Tips regarding securing ssh
- Disable SSH protocol 1 unless you need to use clients that are only SSH protocol 1. Note: disable from the config file sshd_config, don't compile over again just for this.
- If you always come from a known list of subnets, then list them in /etc/hosts.allow and set a default deny in /etc/hosts.deny.
- If possible, do not allow root to directly log in. This is set in sshd_config.
- If you need to allow automated processes to log in as root, use public/private keys, and set the source IP address of from where this login is allowed.

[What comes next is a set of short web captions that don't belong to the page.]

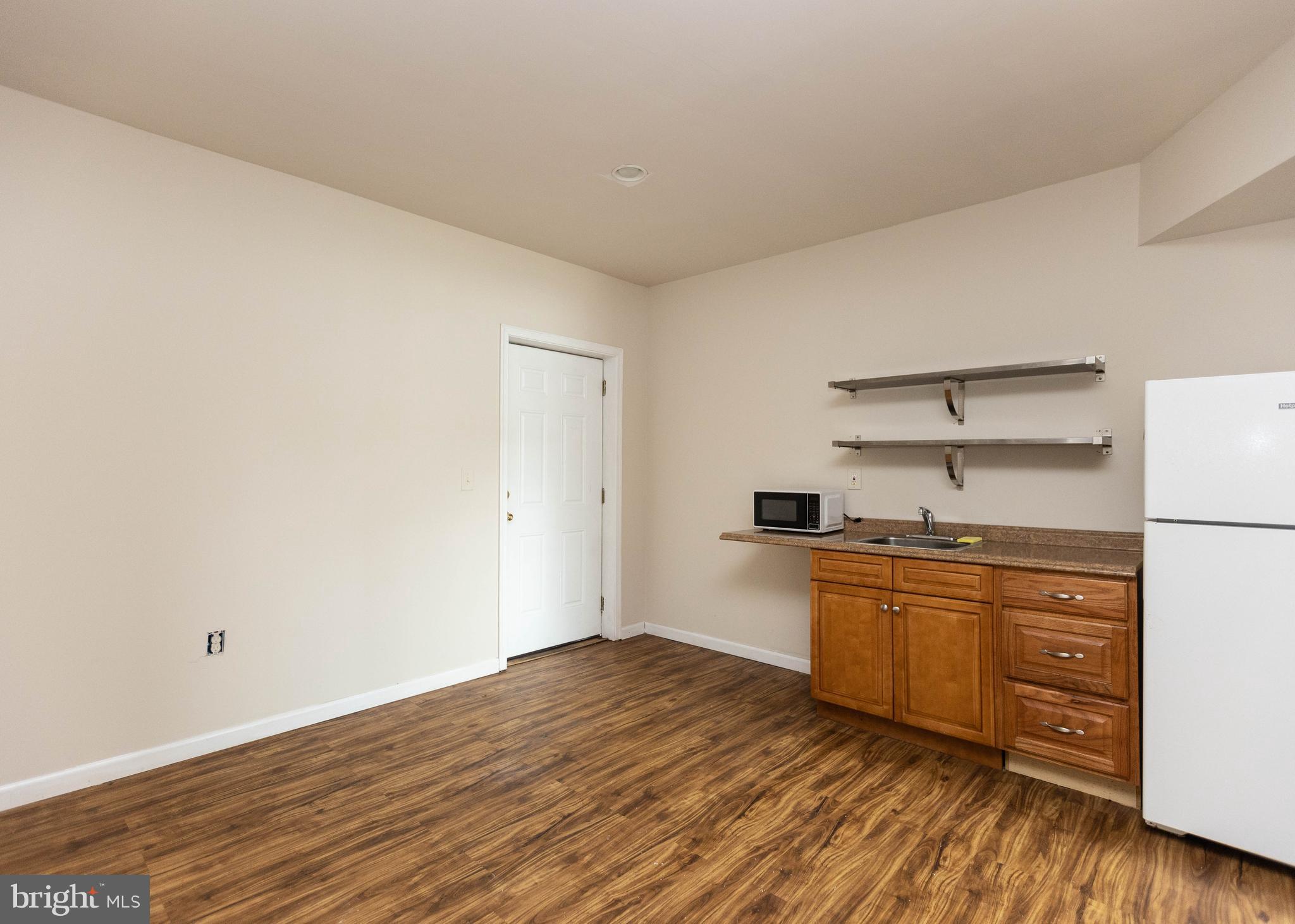 IVY SPRING TERRACE - Residential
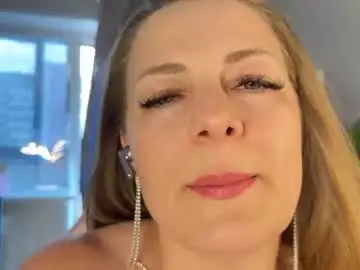 Chaturbate Nude Webcam of _solar_jane_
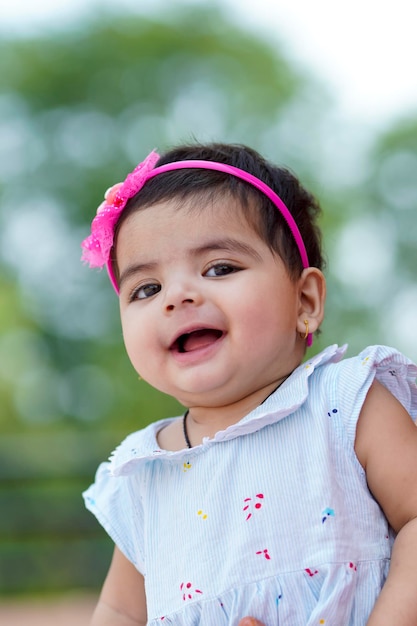 Bambino indiano della neonata che gioca e che dà il sorriso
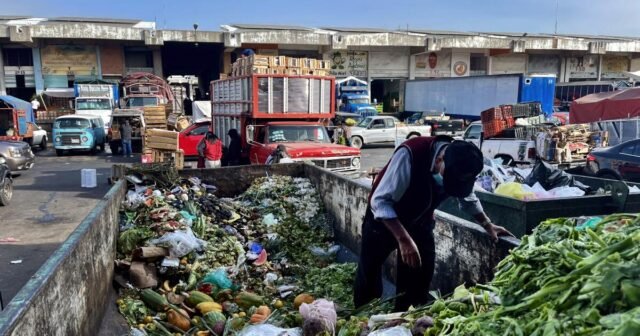 Anualmente se desperdician mil millones de libras de alimentos. Eso contribuye directamente al cambio climático.
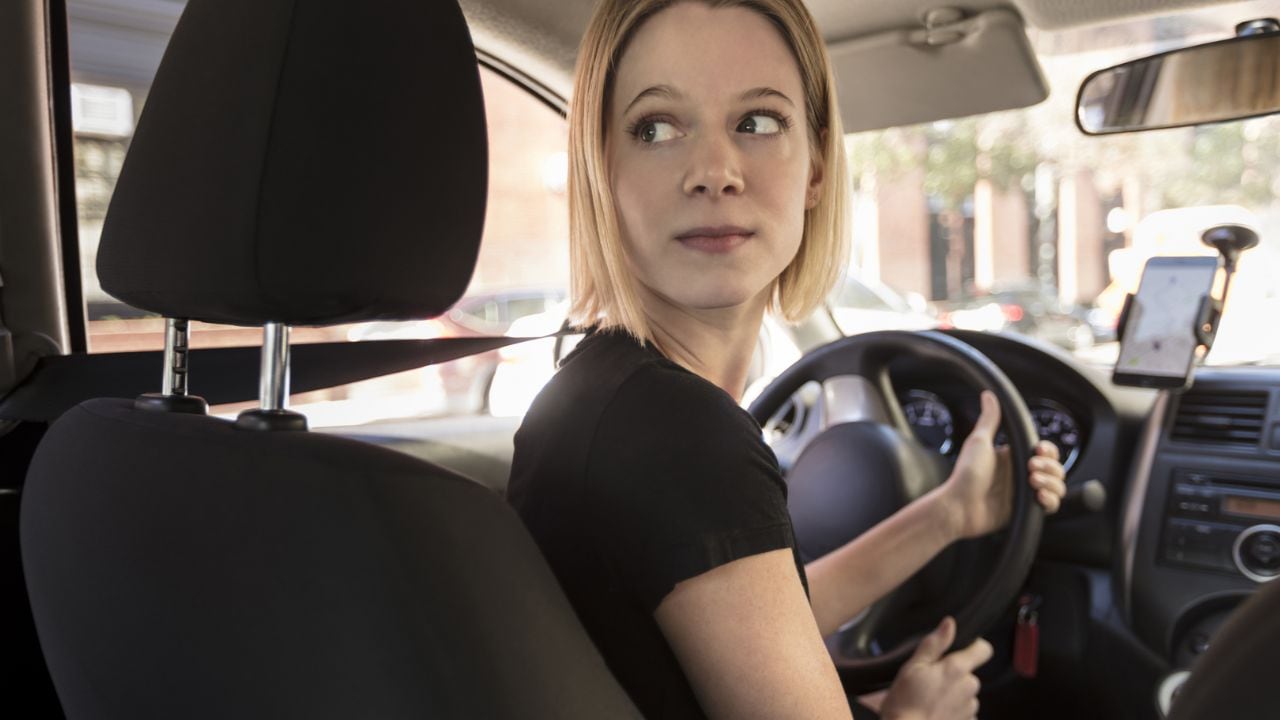 Estacionar un automóvil es una parte fundamental de la conducción responsable y segura.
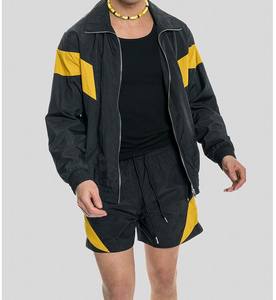 Ensemble de survêtement streetwear froissé coupe-vent personnalisé avec logo, 100 % polyester, deux pièces, respirant, pour hommes - Product Image 1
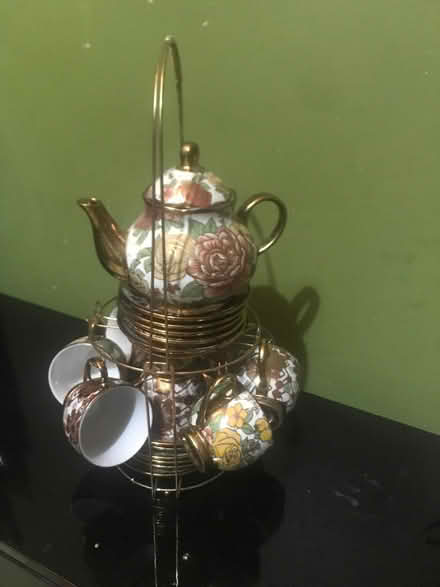 Photo of free Lovely little Tea Cup Set (Oldham) #1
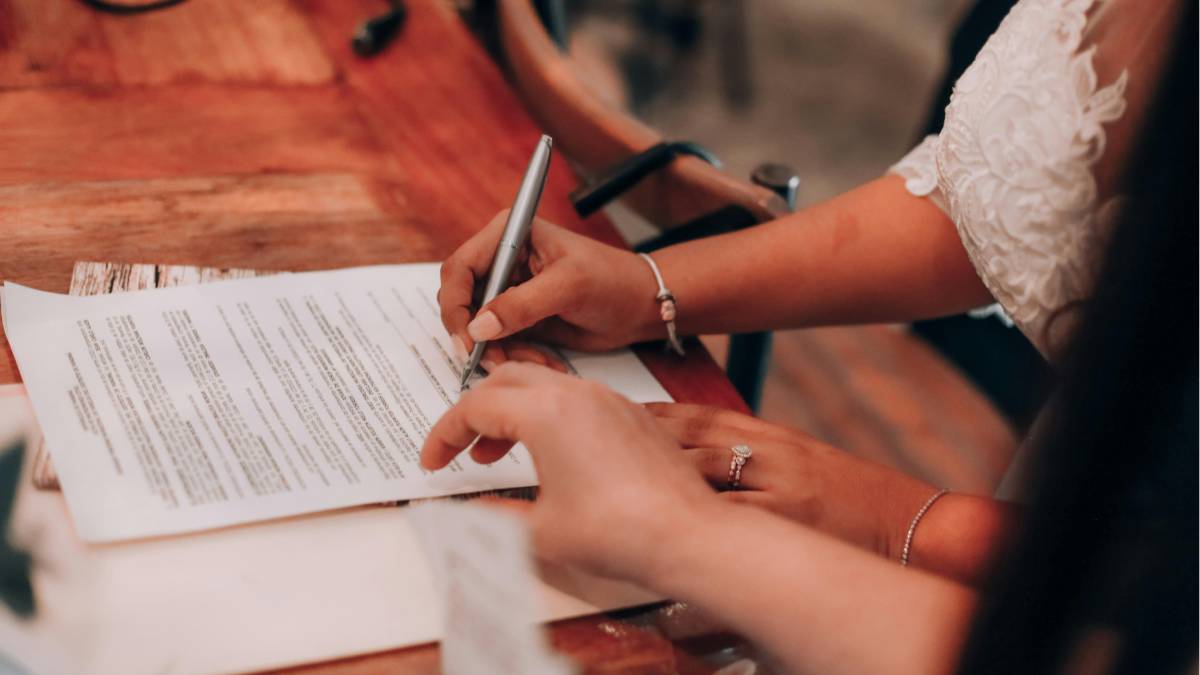 O chamado pr&eacute;-nupcial pode definir o futuro financeiro do casal (Foto: Pexels)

- Deny system users in /etc/ssh/sshd_config. Alternatively, enter the users who are allowed to log in by listing them after AllowUsers. Another method to secure this is to create a new group on the system, and only allow users in this group to login to SSH using the AllowGroups deritive. Many distributions come default with an ssh or sshd group. This makes it unnecessary to edit the SSH configuration when adding a new user who needs SSH access - just add the user to the group!
- Always bind SSH to one IP address and don't listen on 0.0.0.0. To do this edit sshd_config(5) file and set ListenAddress to your IP address. For example,
- In sshd_config file set the following options for more secure SSH
LoginGraceTime 1m StrictModes yes MaxAuthTries 2
- Don't listen on port 22 (especially if you're in DMZ). Move SSH to some higher port.